## Exercise aim
In the listing below, the lines starting with the line with "Star Wars Legion" and going on through the line with "Portable Infrared Dual" are to be reproduced exactly, and only those.

## Data to use
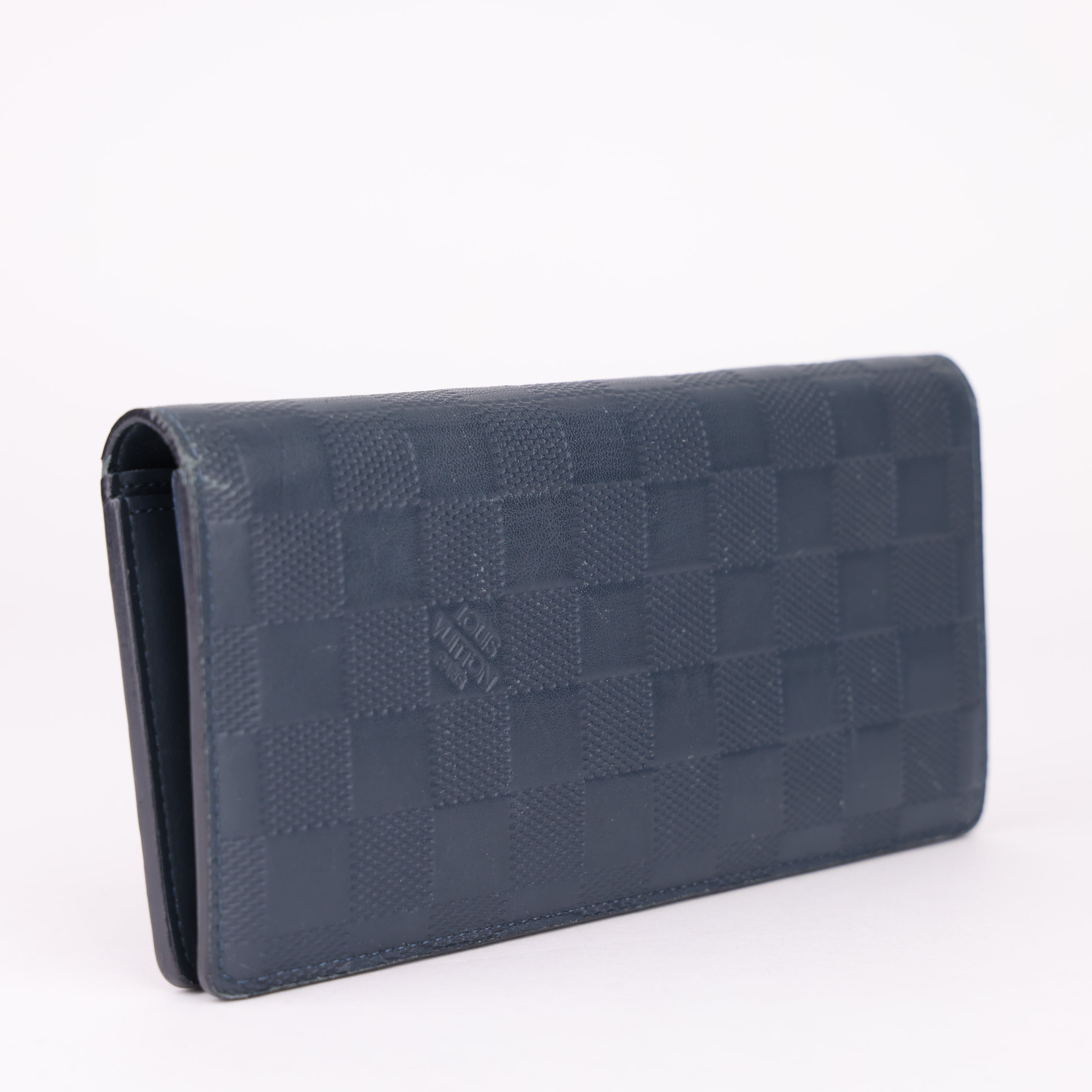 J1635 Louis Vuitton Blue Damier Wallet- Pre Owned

--

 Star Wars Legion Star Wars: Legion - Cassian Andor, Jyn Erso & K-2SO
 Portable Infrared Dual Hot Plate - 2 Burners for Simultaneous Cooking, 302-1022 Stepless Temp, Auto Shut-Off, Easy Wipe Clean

## Written response
 Star Wars Legion Star Wars: Legion - Cassian Andor, Jyn Erso & K-2SO
 Portable Infrared Dual Hot Plate - 2 Burners for Simultaneous Cooking, 302-1022 Stepless Temp, Auto Shut-Off, Easy Wipe Clean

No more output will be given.